Under the recent series of major policy benefits, on September 27, A-shares and Hong Kong stocks collectively rose again, and the RMB exchange rate hit a new high intraday. China's assets are "rising like a rainbow" and are fully favored by funds from all walks of life.
China's Asset Explosion //
On September 27, the A-share and Hong Kong stock markets continued to erupt collectively, with the Shanghai Composite Index rising 2.88% to close at the highest point of the day, hitting a new high in early June. The Shenzhen Component Index surged 6.71%, the largest single-day increase in recent years. The GEM is stronger, rising 12% at the highest level in the intraday, and closing slightly down to 10%, with a single-day increase and a record high in turnover.
FTSE China A50 futures also surged more than 4% and were the strongest in trend, hitting a new high in more than a year.
A number of ETFs have also been bought up by funds, and the Wind market shows that the trading volume of ChiNext ETFs has expanded rapidly, rising 10.32% in a single day, with a turnover of more than 10 billion.
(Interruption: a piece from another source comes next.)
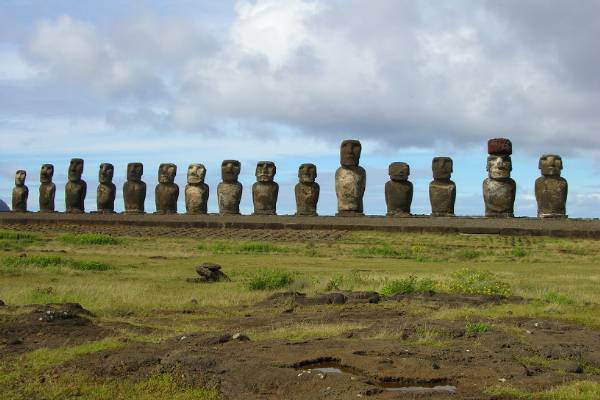Lots of moai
Followed by CSI 300 ETF and CSI 1000 ETF, the trading volume exceeded 5 billion. The bulk purchase of funds has driven the related stocks to rise.
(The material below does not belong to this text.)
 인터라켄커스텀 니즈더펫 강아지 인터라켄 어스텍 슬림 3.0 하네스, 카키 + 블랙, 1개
The Hong Kong stock market also continued to rise sharply. The Hang Seng Index rose 3.55% and rose 13% for the week; The Hang Seng Tech Index surged 5.78%, up 20.23% for the week. The two indices continue to hit new highs this year.
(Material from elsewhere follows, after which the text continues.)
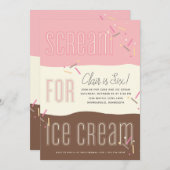 Schrei für Eiscreme Einladung (Vorne/Hinten)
The RMB exchange rate market has also strengthened again, with the USD/CNH continuing to run below the "7" mark, and the RMB appreciating to a new high, and is expected to continue to run above the "6".
Institutions at home and abroad are optimistic about Chinese assets //
Morgan Stanley believes that the People's Bank of China's larger-than-expected policy support measures will help improve investor sentiment and liquidity, and drive a positive response in both onshore and offshore markets in the short term. The size and long-term sustainability of the rebound will depend on the macroeconomic recovery and the bottoming out of corporate earnings growth.
Bank of United States believes that a series of measures introduced by the regulator will immediately provide liquidity to the market, especially for the A-share market. The market is expected to receive new liquidity from banks and non-bank financial institutions, and if the market performs well and lasts long enough, the return of retail investors and overseas investors could further help stabilize the market.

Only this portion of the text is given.